■ **DATA SEGMENT**:
■ ■ ■ ■ ■

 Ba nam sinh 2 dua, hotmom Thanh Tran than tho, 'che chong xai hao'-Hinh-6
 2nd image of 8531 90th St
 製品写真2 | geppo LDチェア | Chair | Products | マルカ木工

■ ■ ■ ■ ■

■ **TO DO**:
Reproduce the listing exactly. Every line stays as it is.

■ **FINISHED TASK**:
 Ba nam sinh 2 dua, hotmom Thanh Tran than tho, 'che chong xai hao'-Hinh-6
 2nd image of 8531 90th St
 製品写真2 | geppo LDチェア | Chair | Products | マルカ木工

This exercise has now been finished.